Le sort promis à la SCHL quand nous sommes arrivés au pouvoir en 2015 c’était de disparaître du décor, sauf peut-être en matière d’assurances hypothécaires. C’était ça la direction qu’on lui avait donnée, et c’était ce qu’elle avait compris comme étant le mandat qu’elle devait suivre à long terme… Donc on a essentiellement viré de bord la SCHL. Au début, comme vous vous en doutez, il y a eu des discussions sérieuses, mais une fois que le nouveau mandat de la SCHL a été bien compris, elle s’est orientée vers un objectif à long terme pour faire en sorte que le plus de Canadiens, et donc de Québécois, puissent vivre dans des logements adéquats et abordables.

RQOH : Comment évaluez-vous le rôle joué par le secteur du logement communautaire en particulier dans la mise en œuvre de la stratégie, et quelle place envisagez-vous lui confier pour la suite des choses?

J-Y D. : La place du logement communautaire dans la stratégie est non seulement importante, mais elle est appelée à croître au cours des prochaines années. Un des objectifs assez clairs de la SNL est de faire en sorte que le logement communautaire retrouve la place que ce secteur a déjà eue au Canada lorsque venait le temps de bâtir des logements qui soient soutenables, non seulement d’un point de vue financier et économique, mais surtout d’un point de vue social et communautaire. Donc un logement inscrit dans la communauté.

Il n’y a pas de meilleur modèle. Il y a d’autres bons modèles, mais je n’ai pas de meilleur modèle pour arriver à cet ancrage dans la communauté parce qu’on parle d’habitations qui sont souvent mixtes, dont les usagers, les bénéficiaires sont mixtes, dont les acteurs sont mixtes, dont les services et les usages sont mixtes, et aussi on parle de partenariats mixtes. Et tout ça dans une vision de long terme, de soutenabilité, de durabilité à long terme qui permet entre autres choses de prendre soin des populations les plus vulnérables. Alors c’est un modèle d’avenir. Comme je le disais, non seulement il figure très clairement dans la stratégie actuelle, mais je pense qu’il va prendre encore plus d’importance avec entre autres la collaboration et l’influence d’organismes comme le RQOH.

RQOH : La nouvelle stratégie de lutte à l’itinérance – Vers un chez soi doit éventuellement faire l’objet d’une entente avec le gouvernement du Québec. Comment se déroulent les pourparlers à ce sujet?

J-Y D. : Les pourparlers se déroulent bien parce qu’on a essentiellement les mêmes objectifs et qu’on travaille avec les mêmes partenaires.

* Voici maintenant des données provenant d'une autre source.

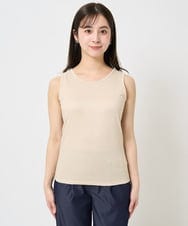 F1KGA32045 MK MICHEL KLEIN(小さいサイズ)(メゾン ドゥ サンク) 【小さいサイズ】ラメタンクトップ/UVカット/接触冷感/洗える ブラック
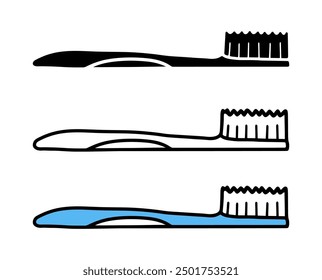 Conjunto de doodle de dibujos animados de cepillo de dientes, Vector, ilustración.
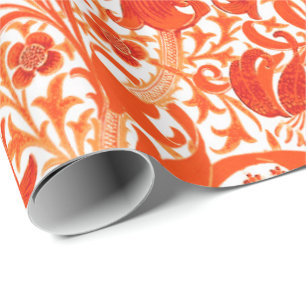 William Morris Iris and Lily, Mandarin Orange Wrapping Paper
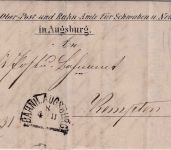 Bayern - Bahnh. Augsburg 4/11 HKS Dienstbrief Ober-Post-u. Bahnamt 1865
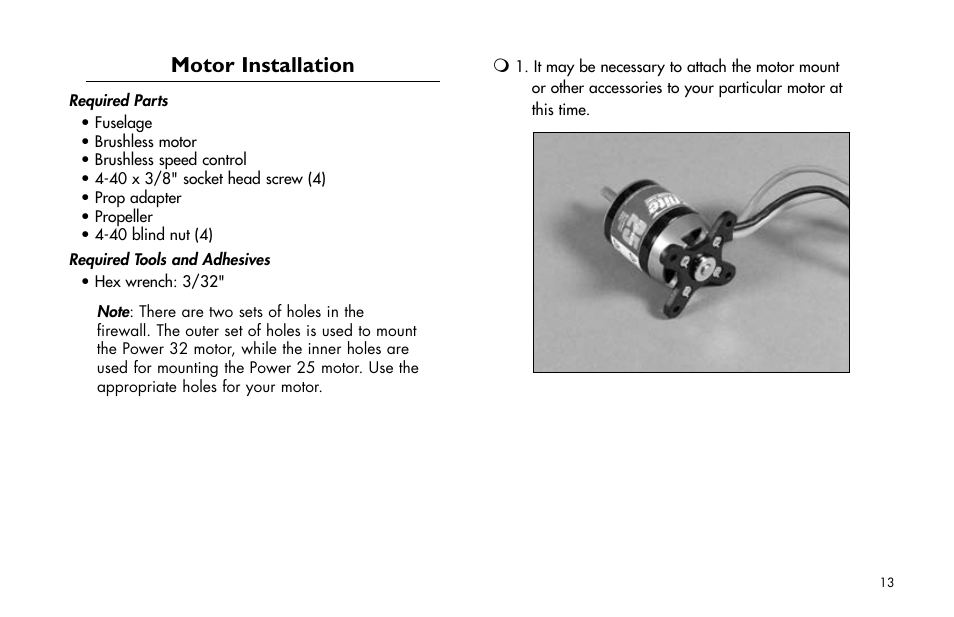 Motor installation, Motor.installation | E-flite Ultra Stick 25e ARF User Manual | Page 13 / 40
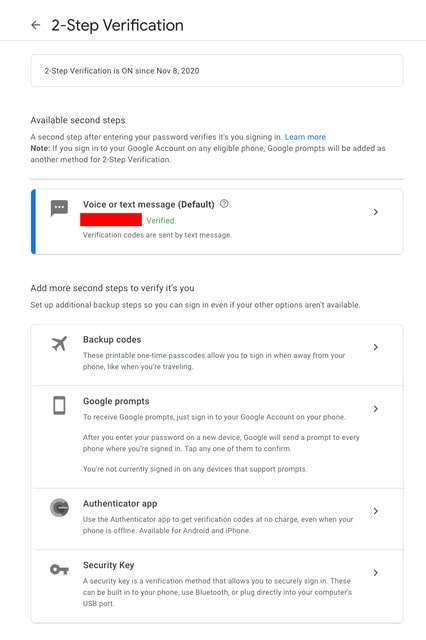 2fa - google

Non seulement les objectifs sont partagés par les deux niveaux de gouvernement, mais ce sont aussi des objectifs qui sont appuyés par la communauté, par le secteur. Alors ça avance bien, peut-être un peu plus lentement qu’avec d’autres provinces, car dans les autres provinces, le soutien du gouvernement [fédéral] va directement aux communautés, ce sont elles qui établissent les plans, allouent les ressources en fonction des objectifs et des responsabilités des différents organismes communautaires et qui ensuite font rapport des résultats directement au gouvernement canadien. Au Québec, c’est un modèle un peu plus inclusif parce qu’on implique les deux niveaux de gouvernement en plus des organismes communautaires. Mais une fois le cadre installé, ça fonctionnera aussi très bien!

[1] NDLR : M. Duclos inclut dans ce nombre tous les bénéficiaires du programme d’allocation logement, les locataires des HLM et l’essentiel des ménages recevant un supplément au loyer, puisque la SCHL contribue à tous ces programmes.